The Government has, reassuringly, begun to show signs that it recognises this skills crisis with the publishing of the Industrial Strategy Green paper, the introduction of the apprenticeship levy and a renewed look at technical education through T-Levels and Institutes of Technology.

The success of these interventions remains to be seen but we can predict fairly confidently that they will not be sufficient to overcome our skills gap in its entirety because they miss a crucial component - addressing the collapse of part-time study in higher education.

Between 2006 and 2016 part-time undergraduate student numbers in England dropped by 60 per cent. The number of mature students also halved over the same period.

Part-time study provides an invaluable route into higher education, both for those who are engaged in 'learn-while-you-earn' degree apprenticeships or employer sponsored degrees and also for individuals who may not have had the opportunity to attend university straight out of school and now require the flexibility to continue their education part-time whilst meeting work and family commitments. It is also going to have increasing importance in achieving the need to undergo retraining as the rate of change in many sectors continues to escalate.

The provision of part-time education therefore is beneficial for social mobility, encouraging under-represented groups into higher education and allowing for the continual up-skilling of the country's workforce. Over 40% of London South Bank University's students study part time, and this is representative of the university's mission to provide professional and technical education to all who can benefit.

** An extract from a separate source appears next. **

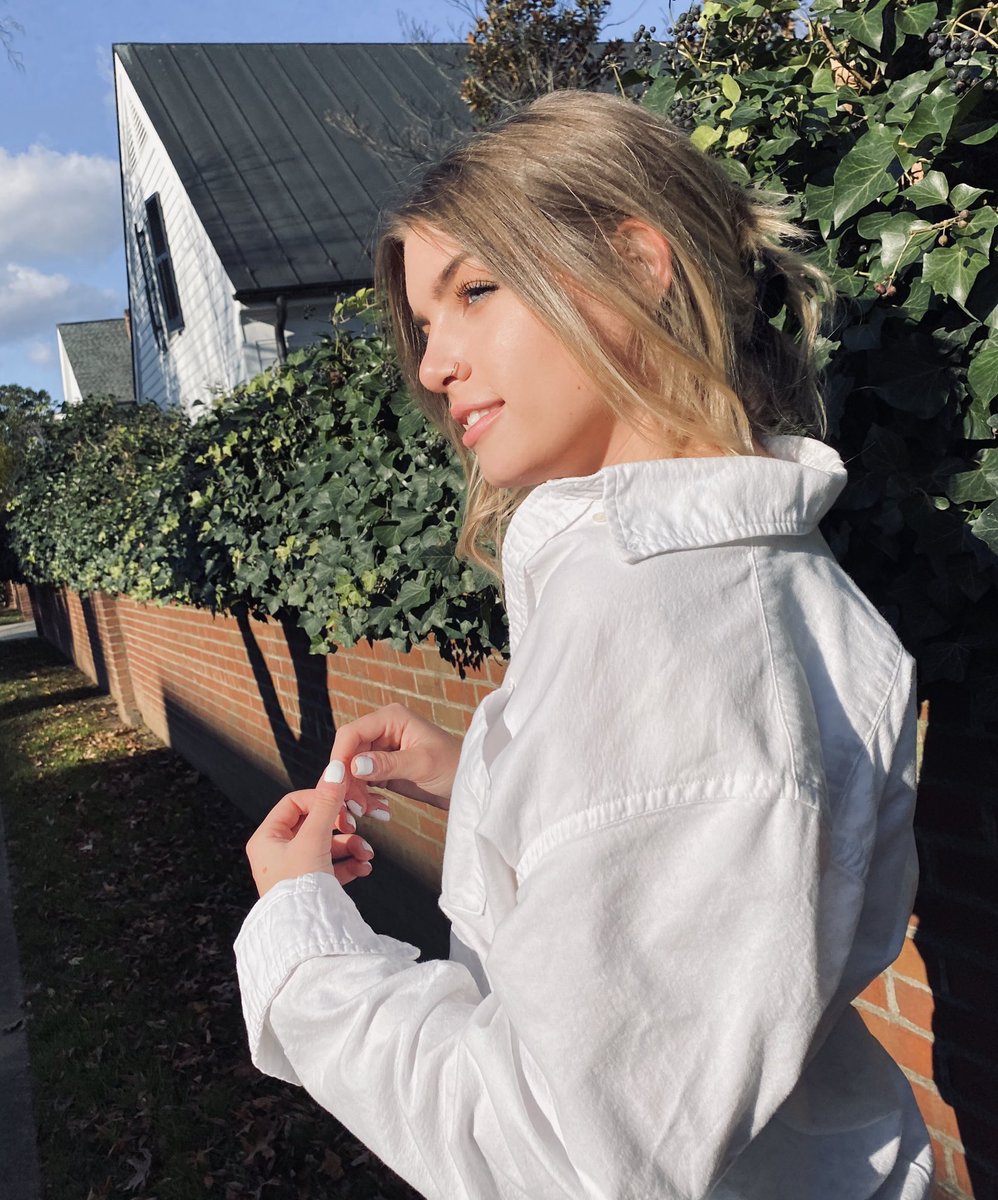 LittleFleckk's tweet photo. Yeah idk either https://t.co/Tnfq6MntOJ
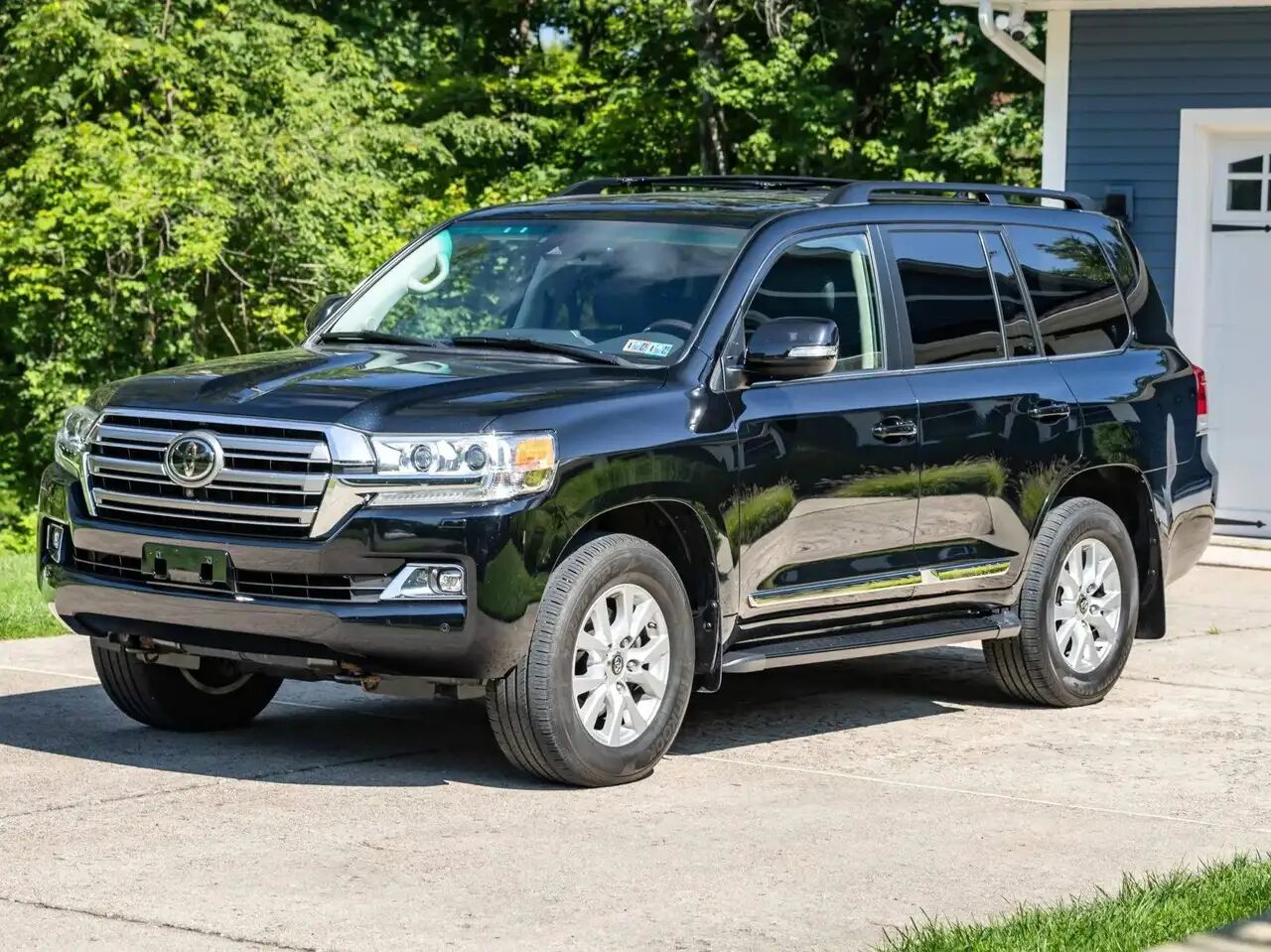 2016 TOYOTA Land Cruiser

The cause of the collapse in numbers is largely due to the increase in tuition fees introduced in 2012, which included a requirement for part time students to commit upfront to studying for a whole degree if they wished to be eligible for a loan and to begin repayments from four years after the start of their course.

For full time students this increase has, partially, been ameliorated by the availability of loans and maintenance grants; and to give it its due, the government has acknowledged this and introduced in its most recent budget maintenance loans for people entering part time degrees, and doctoral loans of up to £25,000 to support higher-level study, starting from 2018. This is unlikely to have any significant impact on the decline however. The majority of part-time students are 'mature' learners and likely therefore to already have significant financial responsibilities and ongoing obligations to family, mortgages and work which make them unwilling or unable to take on a large additional amount of debt. This is undoubtedly the crux of the problem and inevitably it will be the least social and financially advantage who are the most excluded.

The Industrial Strategy Green Paper has indicated that the Government is open to "exploring ambitious new approaches to encourag[e] lifelong learning, which could include assessing changes to the costs people face to make them less daunting".

If the next Government is serious in this aim and wants to re-open this channel to social mobility and career advancement then it needs to undertake a serious examination of how the burden of debt could be eased for those seeking to undertake part time study to resolve how we assist those caught between their current financial responsibilities and the desire for personal and career advancement.

Whilst apprenticeships and new forms or learn while you earn solutions should have an impact it will not meet the needs of many. The solutions could include allowing learners to defer the period of repayment or, more radically, opening up the use of the apprenticeship levy to allow employers to support a wider range of higher education courses to upskill their employees. Any such move should also see the removal of the Equal or Lower Qualifications restrictions which effectively, confine an individual to the educational path they choose when they are seventeen or, for example, would prevent a STEM graduate from undertaking a business degree to enable them to take up a directorship within their firm.

The 3 year 'boarding school model' for higher education only serves a proportion of learners. If the Government truly wants a highly skilled 'global trading nation' then it will need to support a flexible and diverse higher education sector that is able to deliver it.